Kämpfe in Mosambik während des Papstbesuchs

In Mosambik ist es während des Besuchs von Papst Franziskus offenbar zu Auseinandersetzungen zwischen Regierungstruppen und der bewaffneten Opposition gekommen. Lokale Medien berichten von einem Angriff am Freitag im Bezirk Gondola im Zentrum des Landes, wie Kathpress meldet.

Der Papst rief zum Frieden auf SN/APA (AFP)/TIZIANA FABI
Der Papst rief zum Frieden auf

Dabei sollen mosambikanische Sicherheitskräfte in ein Lager der oppositionellen RENAMO eingedrungen sein; daraufhin habe ein Gefecht stattgefunden.

Wenige Stunden zuvor war es in der Region zu einem Überfall auf einen Bus gekommen; dabei wurden drei Passagiere verletzt. Ein Guerilla-Sprecher distanzierte sich von dem Überfall.

Im August hatten die ehemaligen Bürgerkriegsgegner FRELIMO und RENAMO ein Friedensabkommen unterzeichnet. Es sieht unter anderem die endgültige Entwaffnung und zivile Wiedereingliederung der letzten RENAMO-Rebellen sowie Wahlen Mitte Oktober vor. Allerdings hat ein Teil der RENAMO-Rebellen angekündigt, das Abkommen nicht zu respektieren und die Wahlen zu boykottieren. Berichten zufolge soll es sich bei den angegriffenen Rebellen um diese RENAMO-Splittergruppe handeln.

Papst Franziskus hatte Mosambik von Mittwoch bis Freitagnachmittag besucht. In der Hauptstadt Maputo rief er die Politiker eindringlich zu mehr Anstrengungen um den Frieden auf; dieser sei "ein hartes Stück Arbeit". Dennoch gelte es, entschieden, mutig und beharrlich zu verkünden: "Nein zur Gewalt, die zerstört, Ja zu Frieden und Versöhnung!"

Mittlerweile besucht der Papst die ostafrikanische Insel Madagaskar. Samstag früh ist eine Begegnung mit Staatspräsident Madagaskars Staatspräsident Andry Rajoelina vorgesehen, wie Kathpress meldet. Im Anschluss daran spricht der Papst vor Vertretern von Politik, Diplomatie und Zivilgesellschaft.

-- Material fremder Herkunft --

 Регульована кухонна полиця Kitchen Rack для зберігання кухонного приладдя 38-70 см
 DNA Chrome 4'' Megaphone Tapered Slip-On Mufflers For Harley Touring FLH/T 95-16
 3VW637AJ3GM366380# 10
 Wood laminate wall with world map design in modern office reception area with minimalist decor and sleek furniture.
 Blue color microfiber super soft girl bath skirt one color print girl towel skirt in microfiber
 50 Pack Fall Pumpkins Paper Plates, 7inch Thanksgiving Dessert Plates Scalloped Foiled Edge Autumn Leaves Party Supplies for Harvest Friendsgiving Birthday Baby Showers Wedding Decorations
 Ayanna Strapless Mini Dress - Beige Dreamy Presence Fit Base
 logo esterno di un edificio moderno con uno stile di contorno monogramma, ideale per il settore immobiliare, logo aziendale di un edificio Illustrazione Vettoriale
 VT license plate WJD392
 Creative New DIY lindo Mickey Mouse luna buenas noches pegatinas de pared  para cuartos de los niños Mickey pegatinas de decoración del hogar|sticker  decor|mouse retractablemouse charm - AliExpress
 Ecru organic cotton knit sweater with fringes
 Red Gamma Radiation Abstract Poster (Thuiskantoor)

Für den Abend ist eine Gebetsfeier mit jungen Menschen vorgesehen, ähnlich wie bei Weltjugendtagen. Sonntag früh findet auf demselben Gelände eine Messe statt. Madagassische Medien sprachen schon im Vorfeld von einem "historischen Besuch". Der Papst werde als "Pilger des Friedens" auf die Tropeninsel kommen.